Softmax Function: Formula, Temperature Scaling, and Numerical Stability
Softmax σ(z_i) = e^{z_i}/Σe^{z_j} converts attention logits to probability distributions; temperature T<1 sharpens toward argmax (greedy), T→∞ flattens to uniform; numerically stabilized by subtracting max(z).
| Measure | Value | Unit | Notes |
|---|---|---|---|
| Softmax formula | σ(z_i) = e^{z_i} / Σ_j e^{z_j} | Input z ∈ ℝ^K; output is probability vector summing to 1 | |
| Temperature-scaled softmax | σ(z_i/T) | T=1 standard; T→0 argmax (greedy); T→∞ uniform distribution | |
| Numerically stable computation | σ(z_i − max(z)) | Subtracting max(z) prevents overflow; does not change the output value | |
| Gradient (diagonal Jacobian) | ∂σ_i/∂z_i = σ_i(1 − σ_i) | Derivative w.r.t. own input; off-diagonal: ∂σ_i/∂z_j = −σ_i·σ_j for i≠j | |
| Attention softmax input scale (d_k=64) | ÷8 (÷√d_k) | Dividing by √d_k=8 prevents large logits that saturate softmax gradients |
The softmax function maps a vector of arbitrary real numbers (logits) to a probability distribution over K categories.
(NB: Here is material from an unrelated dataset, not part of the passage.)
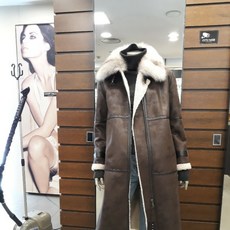 시슬리 폭스퍼롱무스탕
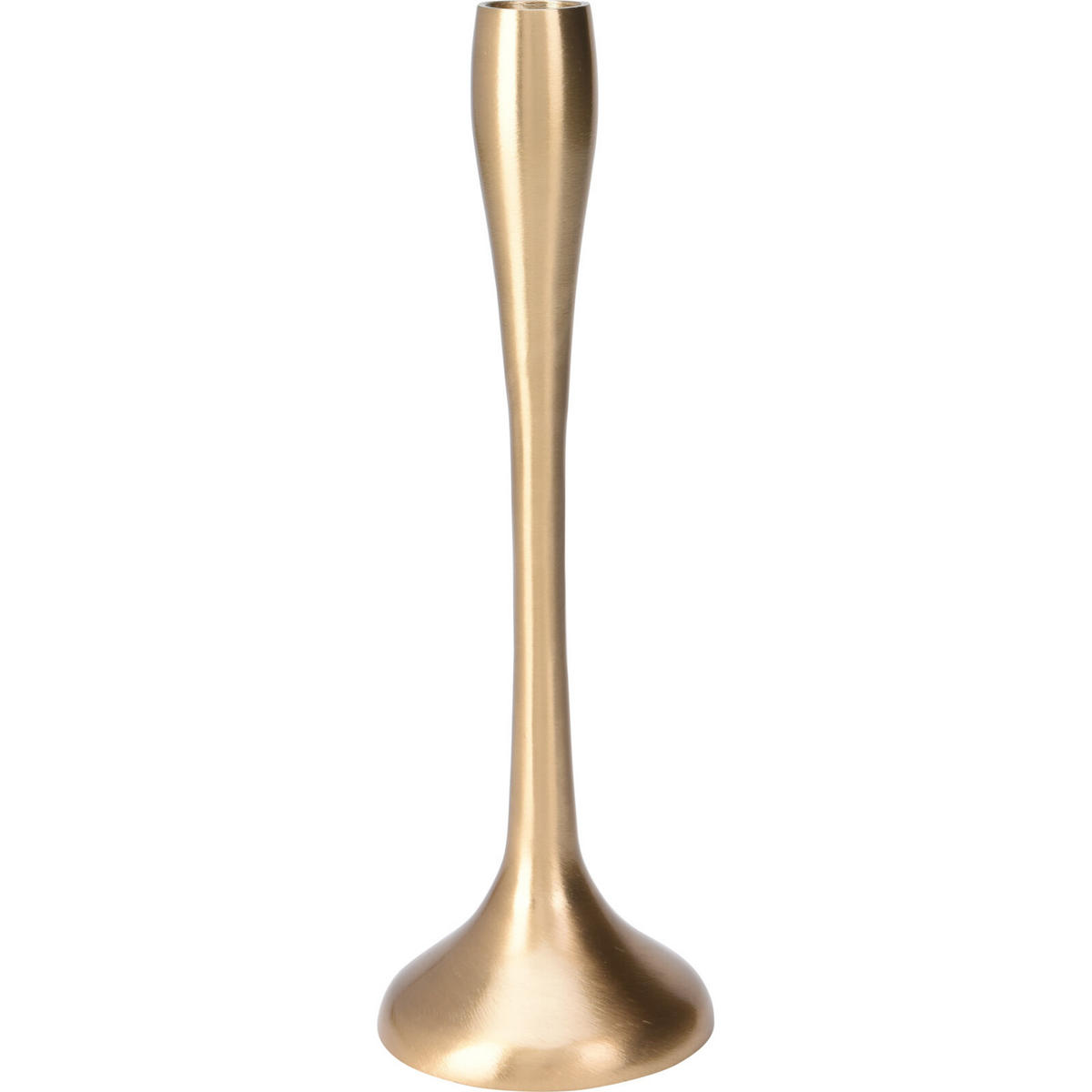 KERZENSTÄNDER Gold 8,5/25,5 cm - Goldfarben, Metall (8.5/25.5/8.5cm) - Home Styling Collection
It is ubiquitous in language models: converting raw attention scores to attention weights, converting final hidden states to next-token probability distributions, and controlling sampling behavior via temperature.
The Formula
For a vector z = (z₁, z₂, …, z_K):
σ(z)_i = e^{z_i} / Σⱼ₌₁ᴷ e^{z_j}
Properties:
- Each output is in (0, 1) — strictly positive
- Outputs sum to exactly 1.0
- Order-preserving: if z_i > z_j, then σ(z)_i > σ(z)_j
Numerical Stability
Naive computation overflows for large logits. The numerically stable equivalent uses the identity:
σ(z)_i = e^{z_i − c} / Σⱼ e^{z_j − c}
where c = max(z). Subtracting c sets the maximum exponent to e⁰ = 1, preventing overflow.
| z_max | e^{z_max} | Stable? |
|---|---|---|
| 10 | 22,026 | Yes (float32 OK) |
| 50 | 5.18 × 10²¹ | Yes (float32 OK) |
| 88 | 1.65 × 10³⁸ | Borderline |
| 100 | 2.69 × 10⁴³ | Overflow → NaN |
| 100 (stabilized) | e^0 = 1 | Always stable |
Temperature Scaling
| Temperature | Effect | Use Case |
|---|---|---|
| T = 0 | Argmax (greedy) | Deterministic decoding |
| T = 0.7 | Sharpened | High-confidence outputs |
| T = 1.0 | Original distribution | Standard sampling |
| T = 1.5 | Flattened | More diverse/creative outputs |
| T → ∞ | Uniform distribution | Maximum randomness |
Softmax in Attention
In self-attention, the score matrix Q·Kᵀ is divided by √d_k before softmax. For d_k=64, this scale factor is 8. Without it, large logits push the softmax into its saturation region where gradients are near zero.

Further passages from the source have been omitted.